# [What you will do]
Give a verbatim copy of the data, leaving the pictures out.

START Data for review

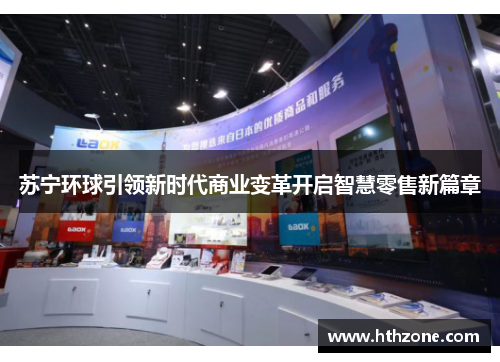 苏宁环球引领新时代商业变革开启智慧零售新篇章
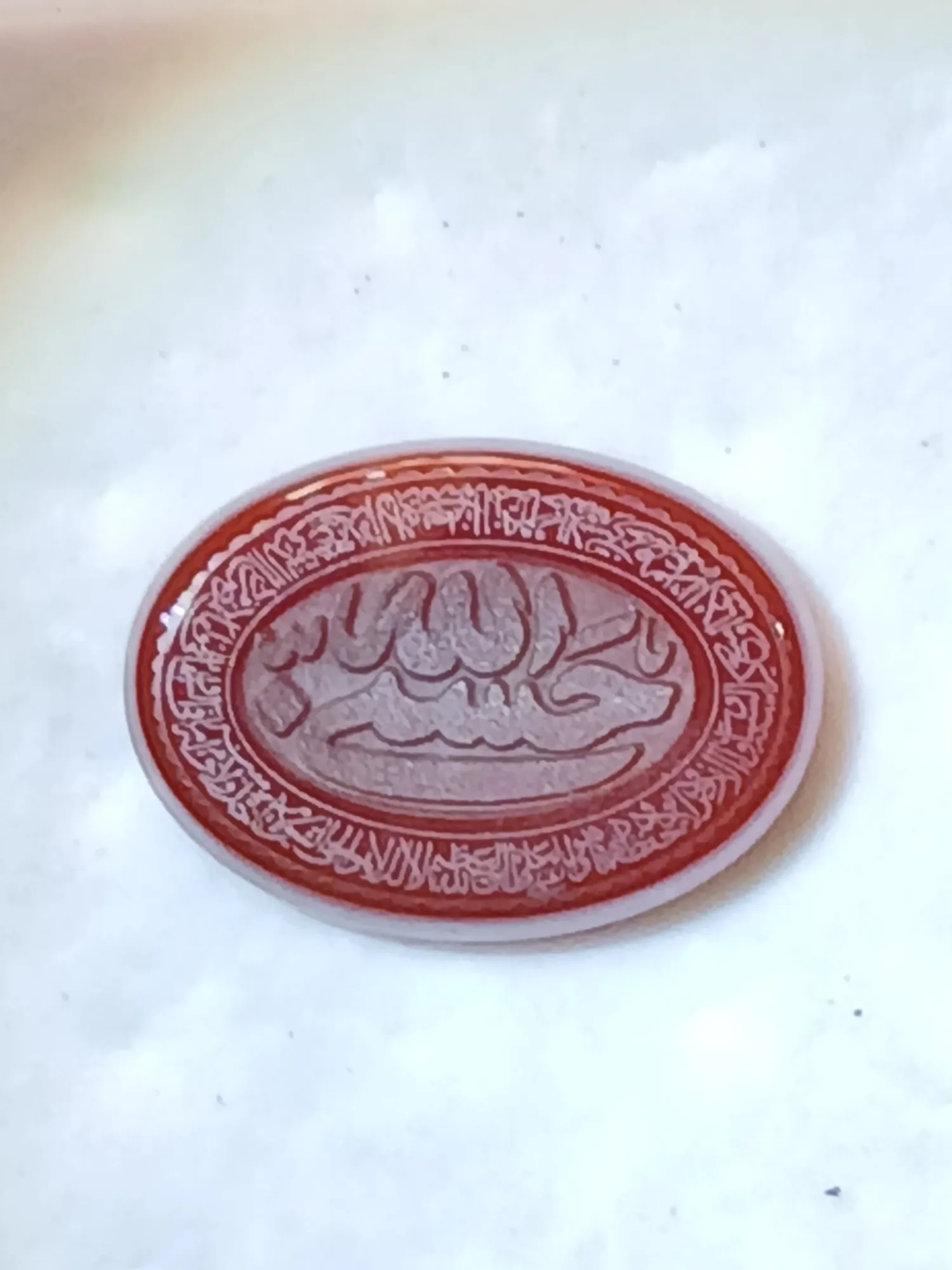 Premium Natural Aqeeq Stone — Ayat-ul-Kursi Engraved — Sacred Islamic Blessing & Protection Stone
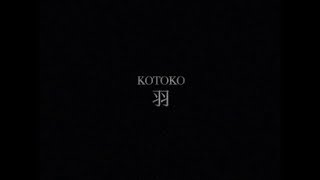 1ST ALBUM]羽-hane- -KOTOKO NBCUniversal Entertainment Japan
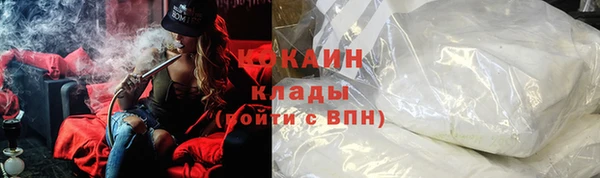 MESCALINE Абаза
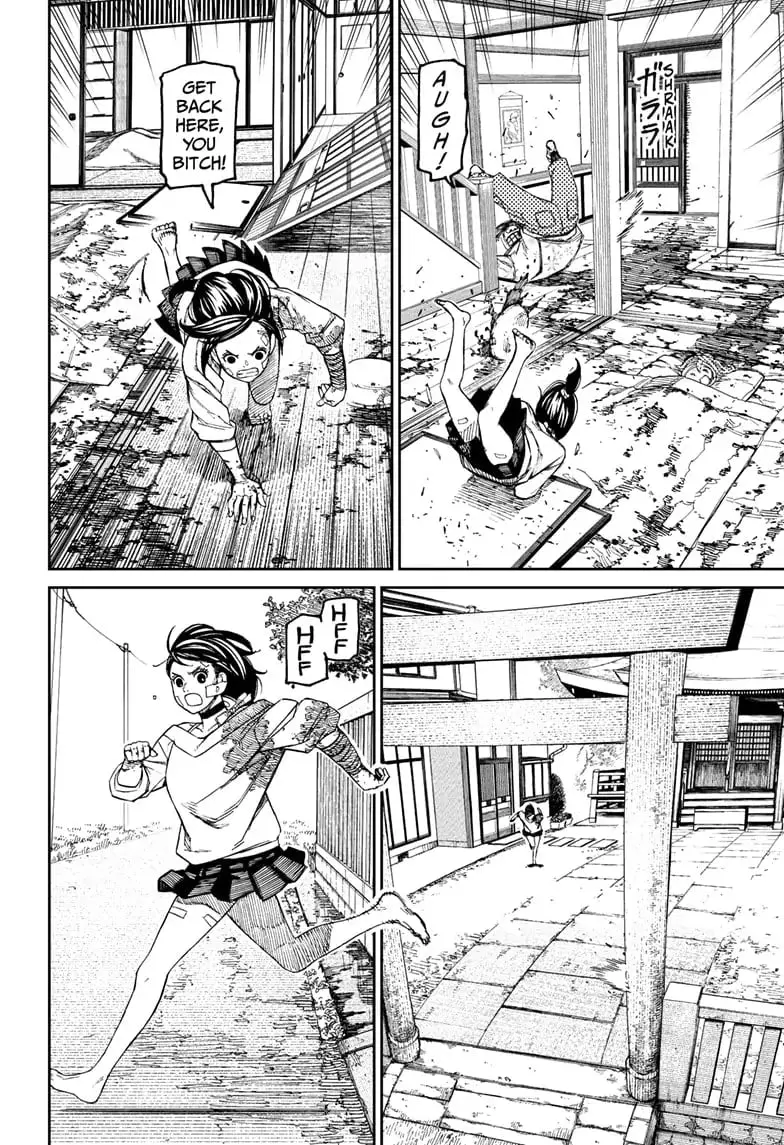 Dandadan Manga β Chapter 88 β Page 12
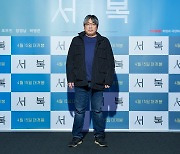 '서복' 이용주 감독 "복귀 늦은 이유? 시나리오 오래 걸려→중국 영화 무산"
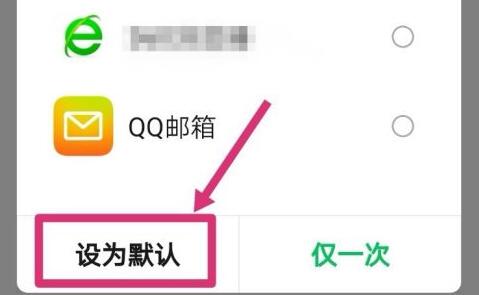 微信文件打不開解決方法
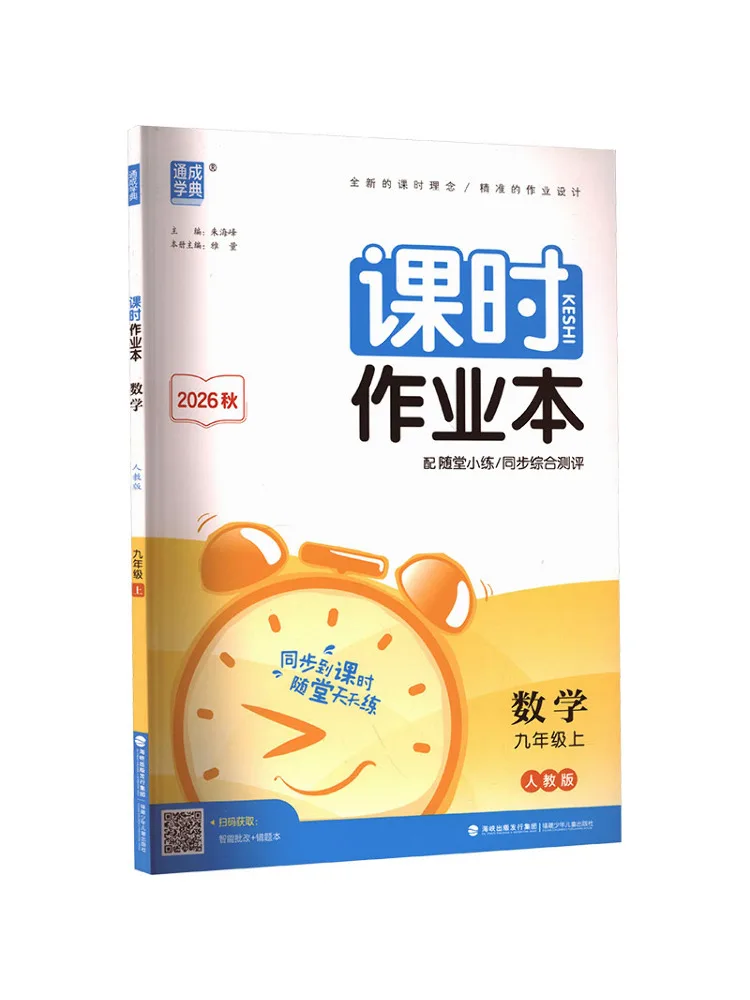 Book-Winshare Am Curriculum Standard Mathematics 9 First Semester People's Education Press Edition Junior High School Work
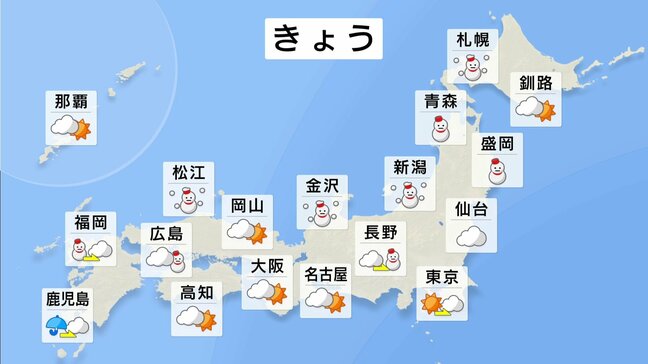 【きょうの天気】日本海側中心に大雪や猛吹雪 太平洋側でも積もるおそれ　成人の日も雪が続く見通し　1月11日|TBS NEWS DIG
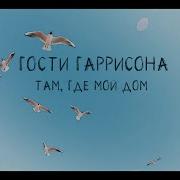 Там Где Мой Дом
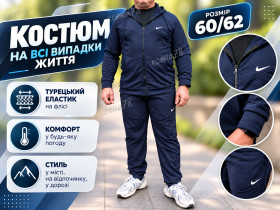 Універсальні Универсальные ^/--/^ спортивний костюм на мікрофлісі 60/62 БАТАЛ+ ^_^^^ спортивный костюм на микрофлисе 60/62 БАТАЛ+ - фото фото фото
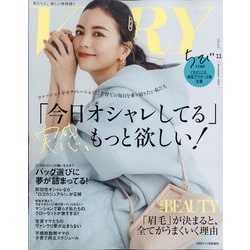 バッグinサイズVERY (ヴェリィ) 2021年 11月号 [雑誌]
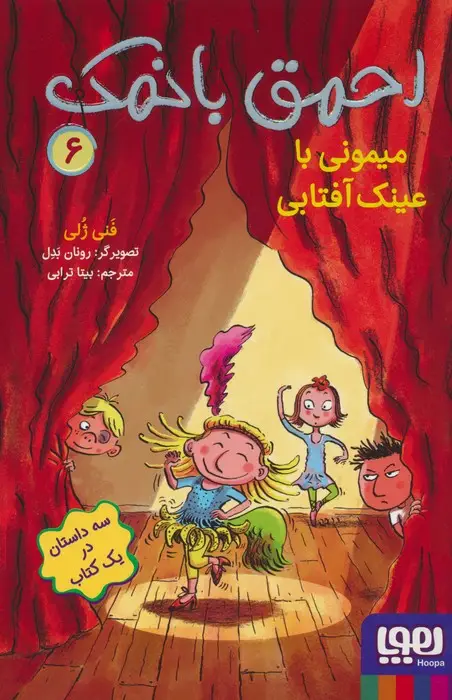 جلد کتاب احمق بانمک 6 (میمونی با عینک آفتابی)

END Data for review

# [Your response]
 苏宁环球引领新时代商业变革开启智慧零售新篇章
 Premium Natural Aqeeq Stone — Ayat-ul-Kursi Engraved — Sacred Islamic Blessing & Protection Stone
 1ST ALBUM]羽-hane- -KOTOKO NBCUniversal Entertainment Japan
 MESCALINE Абаза
 Dandadan Manga β Chapter 88 β Page 12
 '서복' 이용주 감독 "복귀 늦은 이유? 시나리오 오래 걸려→중국 영화 무산"
 微信文件打不開解決方法
 Book-Winshare Am Curriculum Standard Mathematics 9 First Semester People's Education Press Edition Junior High School Work
 【きょうの天気】日本海側中心に大雪や猛吹雪 太平洋側でも積もるおそれ　成人の日も雪が続く見通し　1月11日|TBS NEWS DIG
 Там Где Мой Дом
 Універсальні Универсальные ^/--/^ спортивний костюм на мікрофлісі 60/62 БАТАЛ+ ^_^^^ спортивный костюм на микрофлисе 60/62 БАТАЛ+ - фото фото фото
 バッグinサイズVERY (ヴェリィ) 2021年 11月号 [雑誌]
 جلد کتاب احمق بانمک 6 (میمونی با عینک آفتابی)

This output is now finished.